• [Exercise description]: From the first line of the listing below, retype each line up to and including the one with "Herren Elegante Schnürschuhe"; pictures stay out.

• [Data extract]:
◇ ◇ ◇ ◇
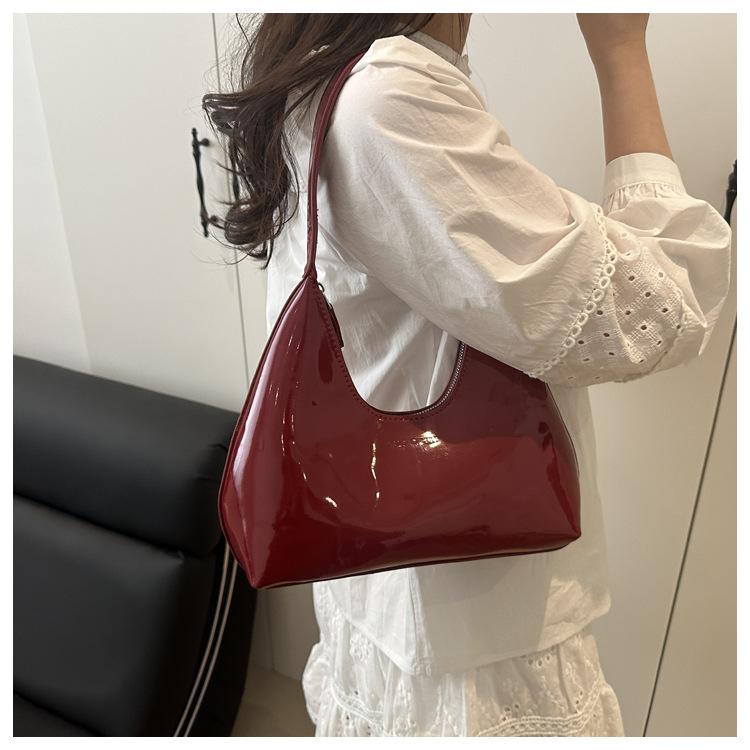 Glossy Faux Leather Crescent Bag for Women Fashionable Handheld Shoulder Purse Trendy Daily Clutch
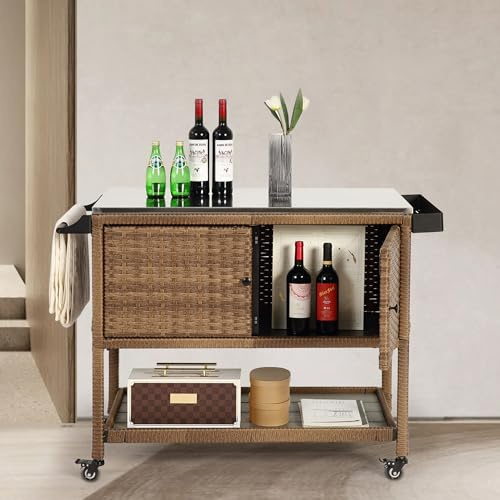 Villeston Wicker Outdoor Bar Cart with 4 Lockable Casters, Patio Prep Stainless Table with 2 Ratten Doors Storage Cabinet,Island Cart with WPC Shelf for Grill, Kitchen and Garden, Brown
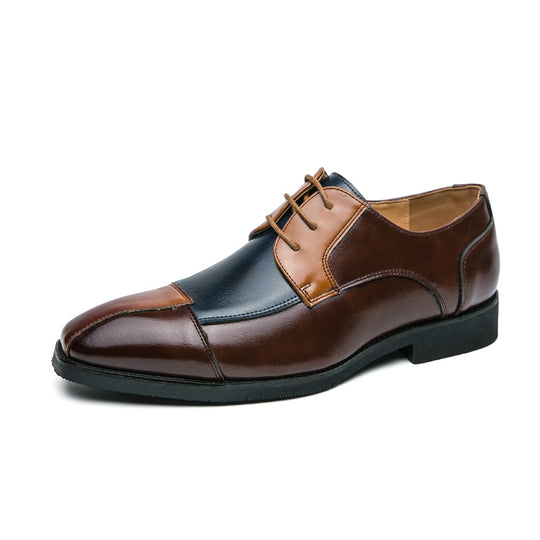 Herren Elegante Schnürschuhe mit zweifarbiger Lederoptik EB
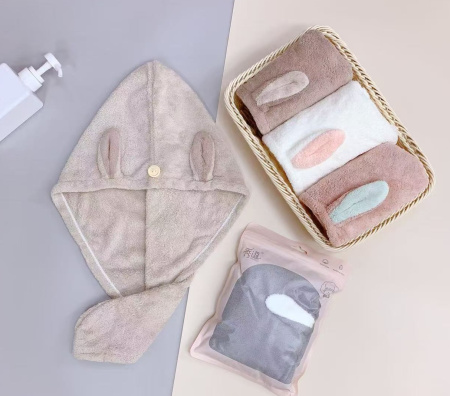 Y54 коричневый Полотенце для волос Зайка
◇ ◇ ◇ ◇
• [Your response]:
 Glossy Faux Leather Crescent Bag for Women Fashionable Handheld Shoulder Purse Trendy Daily Clutch
 Villeston Wicker Outdoor Bar Cart with 4 Lockable Casters, Patio Prep Stainless Table with 2 Ratten Doors Storage Cabinet,Island Cart with WPC Shelf for Grill, Kitchen and Garden, Brown
 Herren Elegante Schnürschuhe mit zweifarbiger Lederoptik EB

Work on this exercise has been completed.